**What the task requires**. Omit the images. Reproduce each line of the records exactly as it appears.

**Records to process**.
• • • • •

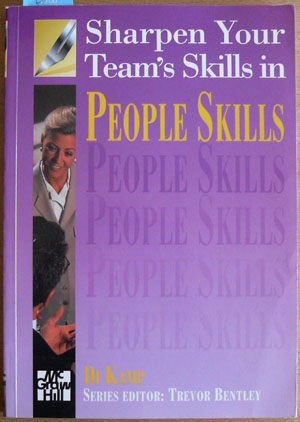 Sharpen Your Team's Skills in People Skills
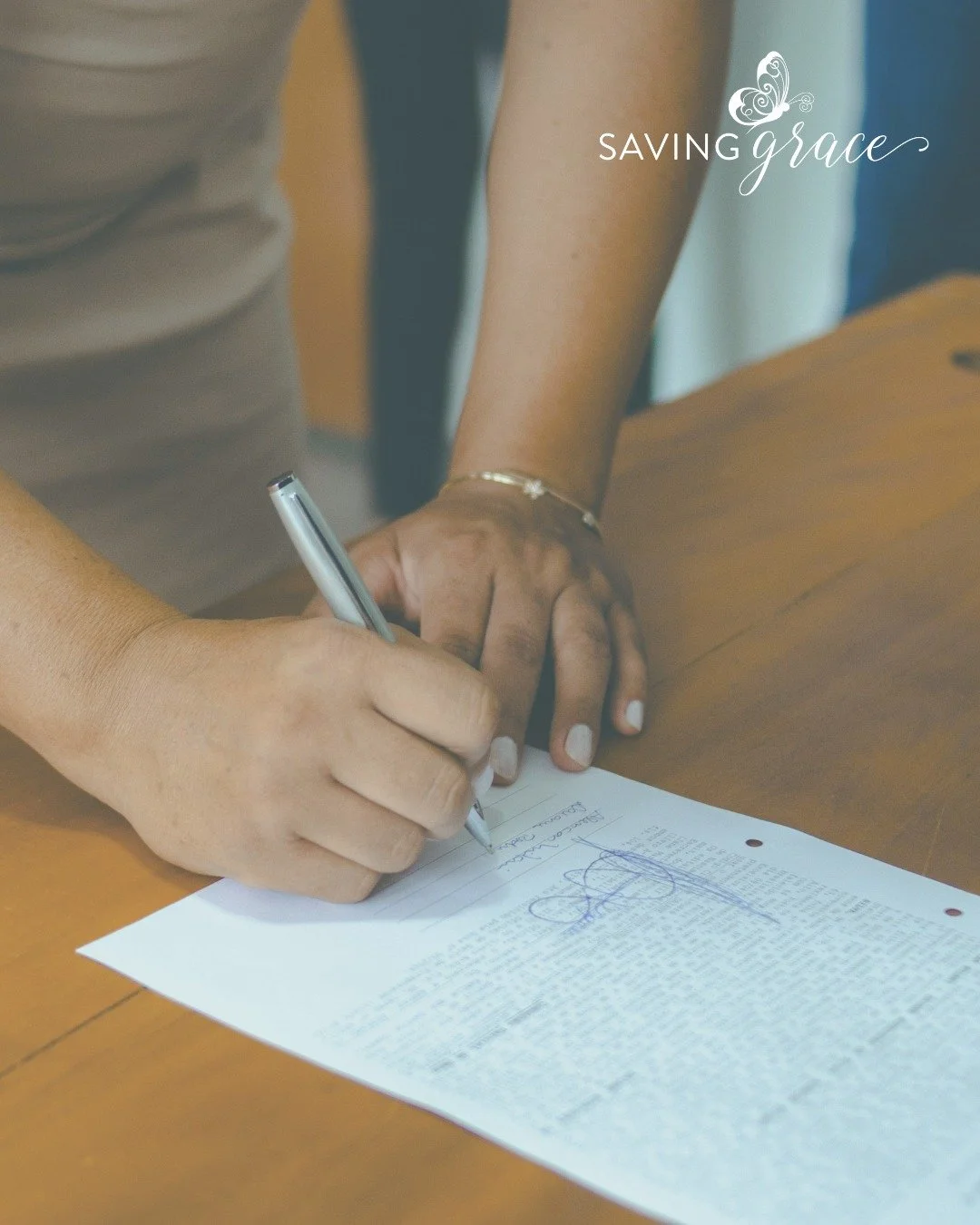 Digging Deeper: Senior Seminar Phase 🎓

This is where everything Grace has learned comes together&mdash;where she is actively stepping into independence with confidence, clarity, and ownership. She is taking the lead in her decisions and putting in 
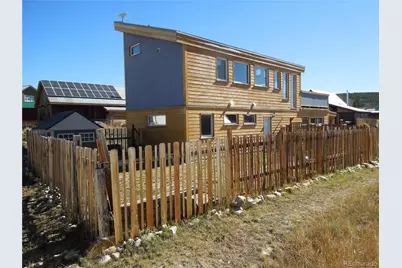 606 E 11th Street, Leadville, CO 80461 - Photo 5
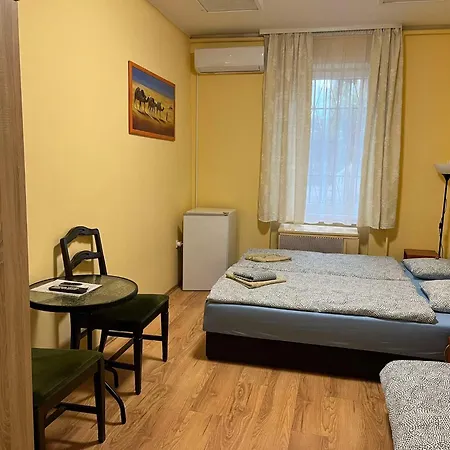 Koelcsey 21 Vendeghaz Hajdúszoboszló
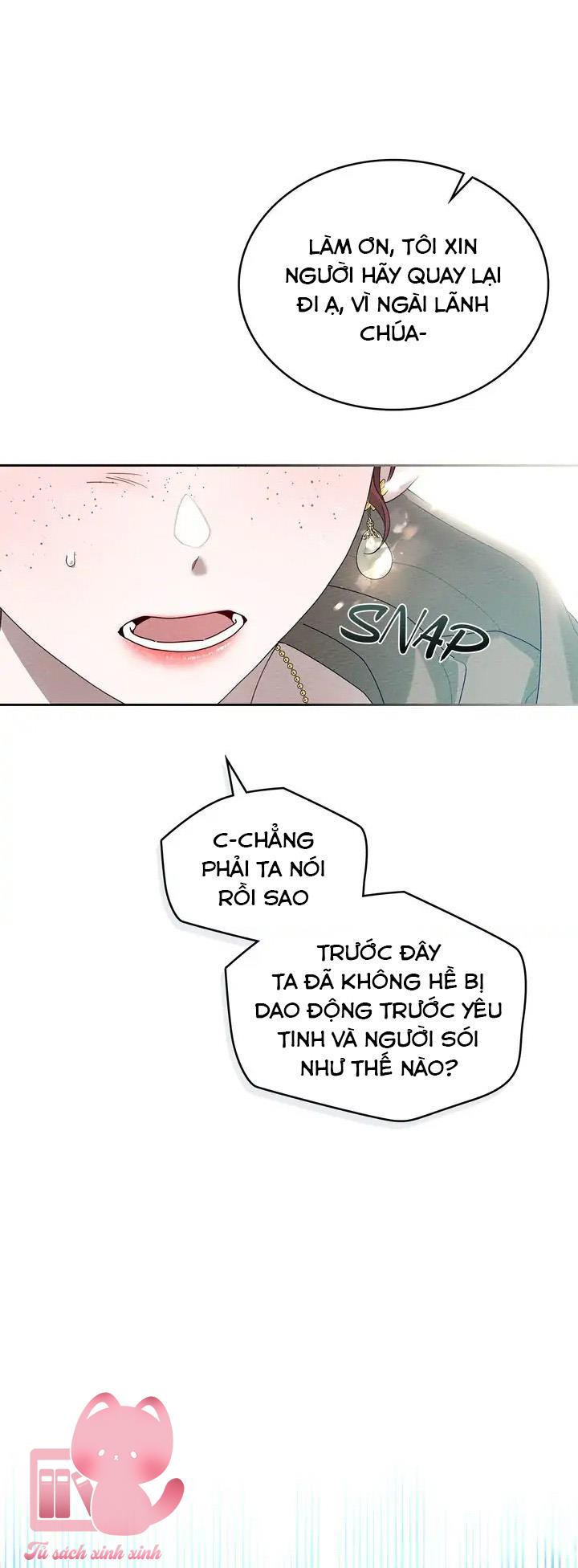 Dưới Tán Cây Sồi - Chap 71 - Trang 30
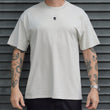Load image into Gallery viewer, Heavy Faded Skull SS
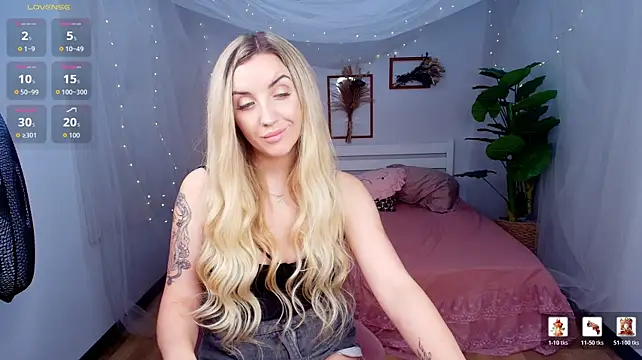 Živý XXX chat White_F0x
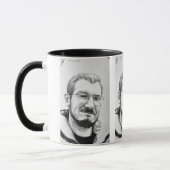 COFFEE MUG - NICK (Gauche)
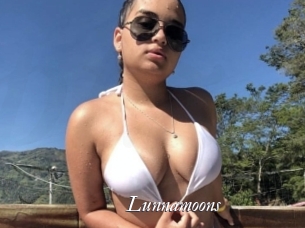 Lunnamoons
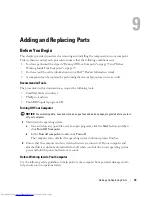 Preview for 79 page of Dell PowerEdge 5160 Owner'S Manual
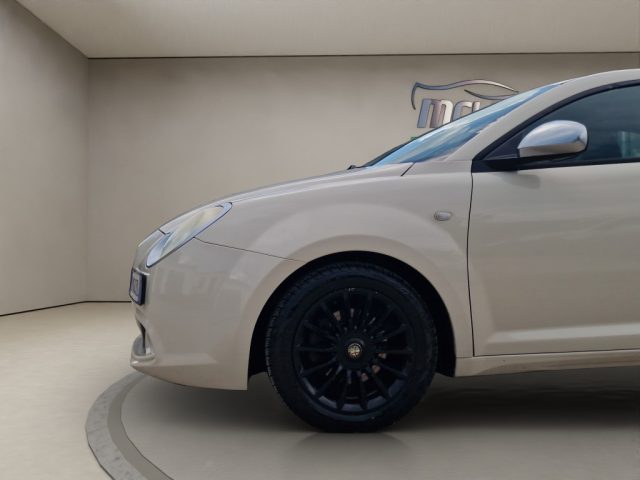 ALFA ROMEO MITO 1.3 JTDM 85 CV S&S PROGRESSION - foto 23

• • • • •

**Finished task**.
 Sharpen Your Team's Skills in People Skills
 Digging Deeper: Senior Seminar Phase 🎓

This is where everything Grace has learned comes together&mdash;where she is actively stepping into independence with confidence, clarity, and ownership. She is taking the lead in her decisions and putting in 
 606 E 11th Street, Leadville, CO 80461 - Photo 5
 Koelcsey 21 Vendeghaz Hajdúszoboszló
 Dưới Tán Cây Sồi - Chap 71 - Trang 30
Load image into Gallery viewer, Heavy Faded Skull SS
 Živý XXX chat White_F0x
 COFFEE MUG - NICK (Gauche)
 Lunnamoons
 Preview for 79 page of Dell PowerEdge 5160 Owner'S Manual
 ALFA ROMEO MITO 1.3 JTDM 85 CV S&S PROGRESSION - foto 23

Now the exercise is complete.